Cadence/gearing query


#1

Hi everybody, first post and looking for some input.

I do all the TR workouts on sportcrafter rollers (with the Overdrive drum which has internal magnets) with a Power2Max crank so rely on gear changes to control the power and cadence. I’m quite happy with this setup as it’s useful to learn how much the power can change by simply increasing/decreasing cadence or changing gear.

I was doing Palisade today and due to the power target and cadence I was at 98rpm for the 1 minute under and changed up 1 sprocket (but crucially 2 teeth difference) to get 95rpm for the 2 minute over.

I’m comfortable at higher cadences, they feel natural. On the fourth interval I changed up 2 gears, so 4 tooth difference which dropped cadence down to 90 and I found this to be quite a push. It seemed incredibly slow and could feel the effort in my knees.

I have never been a strong rider but wonder if there is any mileage in persisting with this lower cadence.
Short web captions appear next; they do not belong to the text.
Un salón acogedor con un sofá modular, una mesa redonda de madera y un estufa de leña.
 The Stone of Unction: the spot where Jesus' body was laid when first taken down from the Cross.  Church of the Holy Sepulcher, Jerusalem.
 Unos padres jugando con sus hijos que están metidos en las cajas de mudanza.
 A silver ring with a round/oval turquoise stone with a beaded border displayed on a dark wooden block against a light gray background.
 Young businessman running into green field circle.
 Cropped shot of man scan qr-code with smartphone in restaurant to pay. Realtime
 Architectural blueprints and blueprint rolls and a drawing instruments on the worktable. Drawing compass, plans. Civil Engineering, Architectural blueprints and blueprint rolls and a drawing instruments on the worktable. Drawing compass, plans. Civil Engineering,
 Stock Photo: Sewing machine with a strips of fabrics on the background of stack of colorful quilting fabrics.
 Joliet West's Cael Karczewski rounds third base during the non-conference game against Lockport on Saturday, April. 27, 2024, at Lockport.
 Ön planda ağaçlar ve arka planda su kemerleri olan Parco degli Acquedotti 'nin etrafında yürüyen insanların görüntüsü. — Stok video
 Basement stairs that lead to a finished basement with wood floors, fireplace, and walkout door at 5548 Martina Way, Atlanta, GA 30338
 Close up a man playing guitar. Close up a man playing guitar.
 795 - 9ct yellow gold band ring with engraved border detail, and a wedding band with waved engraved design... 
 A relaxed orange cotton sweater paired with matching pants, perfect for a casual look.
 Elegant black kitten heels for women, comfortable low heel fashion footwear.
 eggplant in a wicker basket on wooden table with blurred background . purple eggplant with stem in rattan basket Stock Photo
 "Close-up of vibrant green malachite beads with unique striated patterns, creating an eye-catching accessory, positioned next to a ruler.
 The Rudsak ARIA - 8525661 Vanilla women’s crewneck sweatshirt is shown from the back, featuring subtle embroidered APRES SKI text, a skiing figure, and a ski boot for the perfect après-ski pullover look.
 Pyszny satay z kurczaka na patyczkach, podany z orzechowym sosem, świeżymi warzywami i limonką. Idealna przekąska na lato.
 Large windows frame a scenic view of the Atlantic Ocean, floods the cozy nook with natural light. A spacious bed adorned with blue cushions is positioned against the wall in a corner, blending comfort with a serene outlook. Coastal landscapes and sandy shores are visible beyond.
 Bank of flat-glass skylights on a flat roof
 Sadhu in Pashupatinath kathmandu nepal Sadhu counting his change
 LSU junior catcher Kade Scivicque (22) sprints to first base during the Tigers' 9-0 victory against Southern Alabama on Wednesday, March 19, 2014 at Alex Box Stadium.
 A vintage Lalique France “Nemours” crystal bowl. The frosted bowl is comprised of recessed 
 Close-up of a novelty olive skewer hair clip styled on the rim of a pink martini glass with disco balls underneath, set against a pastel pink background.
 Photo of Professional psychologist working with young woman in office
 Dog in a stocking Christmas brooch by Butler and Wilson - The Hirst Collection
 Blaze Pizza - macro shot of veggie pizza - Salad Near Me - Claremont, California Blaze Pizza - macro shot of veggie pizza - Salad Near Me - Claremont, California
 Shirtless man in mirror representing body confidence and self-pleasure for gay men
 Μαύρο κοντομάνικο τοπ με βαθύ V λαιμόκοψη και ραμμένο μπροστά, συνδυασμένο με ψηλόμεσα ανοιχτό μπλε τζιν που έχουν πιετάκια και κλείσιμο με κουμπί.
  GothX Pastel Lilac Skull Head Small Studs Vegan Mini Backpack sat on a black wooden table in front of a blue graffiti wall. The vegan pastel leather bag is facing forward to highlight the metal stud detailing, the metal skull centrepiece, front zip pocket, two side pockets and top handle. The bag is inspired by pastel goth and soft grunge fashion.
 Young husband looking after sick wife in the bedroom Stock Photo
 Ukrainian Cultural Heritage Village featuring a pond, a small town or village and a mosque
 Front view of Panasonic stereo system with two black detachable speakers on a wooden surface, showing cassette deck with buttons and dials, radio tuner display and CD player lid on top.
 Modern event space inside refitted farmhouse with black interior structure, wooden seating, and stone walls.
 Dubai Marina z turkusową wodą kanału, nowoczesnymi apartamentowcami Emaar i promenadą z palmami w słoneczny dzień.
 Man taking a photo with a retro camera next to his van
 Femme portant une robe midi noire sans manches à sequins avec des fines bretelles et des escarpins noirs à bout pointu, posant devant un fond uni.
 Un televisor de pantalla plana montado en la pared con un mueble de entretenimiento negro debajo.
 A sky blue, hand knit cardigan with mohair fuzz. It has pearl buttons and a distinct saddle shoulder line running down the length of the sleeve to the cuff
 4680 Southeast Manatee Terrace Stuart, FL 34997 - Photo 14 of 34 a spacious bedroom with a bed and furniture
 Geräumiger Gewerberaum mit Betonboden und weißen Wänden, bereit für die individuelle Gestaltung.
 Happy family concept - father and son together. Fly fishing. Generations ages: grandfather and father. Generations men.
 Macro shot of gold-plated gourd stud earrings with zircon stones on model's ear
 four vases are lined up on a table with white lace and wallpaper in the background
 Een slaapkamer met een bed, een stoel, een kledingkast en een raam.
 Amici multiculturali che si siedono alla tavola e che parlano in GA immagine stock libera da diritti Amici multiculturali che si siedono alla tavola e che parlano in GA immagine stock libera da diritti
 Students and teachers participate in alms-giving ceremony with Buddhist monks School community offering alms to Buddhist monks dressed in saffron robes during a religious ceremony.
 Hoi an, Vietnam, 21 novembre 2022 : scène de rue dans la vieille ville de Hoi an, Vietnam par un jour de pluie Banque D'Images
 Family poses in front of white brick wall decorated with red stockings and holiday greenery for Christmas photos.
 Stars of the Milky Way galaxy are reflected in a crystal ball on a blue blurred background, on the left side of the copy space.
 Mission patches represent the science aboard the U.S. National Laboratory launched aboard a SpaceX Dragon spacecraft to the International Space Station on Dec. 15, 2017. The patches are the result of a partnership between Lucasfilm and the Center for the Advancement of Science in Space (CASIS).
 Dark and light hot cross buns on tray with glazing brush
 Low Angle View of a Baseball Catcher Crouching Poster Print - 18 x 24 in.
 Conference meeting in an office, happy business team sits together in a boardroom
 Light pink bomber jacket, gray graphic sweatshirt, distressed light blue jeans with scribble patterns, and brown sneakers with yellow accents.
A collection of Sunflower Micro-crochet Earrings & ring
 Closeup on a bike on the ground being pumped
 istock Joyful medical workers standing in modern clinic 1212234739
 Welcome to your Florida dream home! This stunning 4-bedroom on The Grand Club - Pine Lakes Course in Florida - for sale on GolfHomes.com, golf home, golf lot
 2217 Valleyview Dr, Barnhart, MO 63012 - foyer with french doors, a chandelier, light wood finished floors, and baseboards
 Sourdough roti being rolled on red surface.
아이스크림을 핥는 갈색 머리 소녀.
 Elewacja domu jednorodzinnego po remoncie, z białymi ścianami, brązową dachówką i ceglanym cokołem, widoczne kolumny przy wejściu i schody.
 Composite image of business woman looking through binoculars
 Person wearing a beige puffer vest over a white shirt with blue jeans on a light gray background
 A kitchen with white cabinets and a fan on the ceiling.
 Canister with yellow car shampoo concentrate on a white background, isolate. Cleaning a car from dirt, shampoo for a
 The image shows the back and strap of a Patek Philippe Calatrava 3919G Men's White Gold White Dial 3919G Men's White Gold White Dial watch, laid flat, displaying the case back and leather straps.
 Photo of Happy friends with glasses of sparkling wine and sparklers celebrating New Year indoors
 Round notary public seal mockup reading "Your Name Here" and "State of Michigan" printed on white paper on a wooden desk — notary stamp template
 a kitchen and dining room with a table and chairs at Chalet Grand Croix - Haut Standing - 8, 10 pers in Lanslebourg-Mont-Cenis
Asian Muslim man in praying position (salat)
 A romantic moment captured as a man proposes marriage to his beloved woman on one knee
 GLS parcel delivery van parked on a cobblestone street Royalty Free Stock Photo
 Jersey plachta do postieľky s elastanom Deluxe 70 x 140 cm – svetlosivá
It brings my heart rate down but does it cost too much somewhere else?

Is it better to stay with the higher spin to tax the aerobic system instead? Or a combination of both?

I’m hoping that makes a kind of sense. Thanks


#2

I’ve found time on the trainer has slowly pushed up my ‘natural’ cadence though I’ve always been more of a spinner than a grinder.

That said I think it’s useful to have control and the ability to use a very wide range of cadences.

My old badminton coach always told us to think of the back hand like a nuclear weapon… You never really want to use it but you damn sure had to have it. So I like to apply the same thinking to various things in cycling…including cadence ranges.


#3

Assume you know this already - but the general rule of thumb is higher cadence means higher heart rate and less muscle fatigue and lower cadence means lower heart rate and more muscle fatigue. This is why endurance athletes tend to chase high cadences - your cardiovascular system recovers faster than your muscles.

So, with that as the baseline…

As @brenph mentioned - you do need some cadence range for riding outside. In particular when you’re going up a steep hill you won’t be able to happily spin away at 100 RPM and need to be able to put out sustained power at lower cadences.

I’d recommend that you gain the ability to ride comfortably at a variety of cadences where your lower limit is close to what you regularly run into on your outdoor rides. You don’t need to spend a TON of time at those lower cadences, but you should occasionally drop down into that range just to get used to it.


#4

Don’t forget, if you’re going up a steep hill, you probably won’t be able to hold that 90+ cadence. Some of the steeper hills round here, i’m grinding at 45-50rpm on a 25% grade using a 28 on the back.

It’s worth practising a wide array of cadences so you don’t get caught out :slight_smile:


#5

Hey, thanks for the input.

I like your badminton back hand analogy brenph.

You all confirmed what I suspected but I was just curious to hear what others thought.


#6

Power is a function of both force and speed, ie how hard and fast can you turn the pedals. You can train both. Low cadence efforts can increase force, but to increase power you need to generate that force quickly. Therefore you need to also do some high cadence/low resistance efforts. Low cadence work is done at around 50-60 rpm, high cadence stuff is like spin ups in an easy gear.

So long story short, yep, mix it up with some low cadence work. On my long (3-4hrs), I’ll do 3 mins low cadence (53/11) every 30 mins.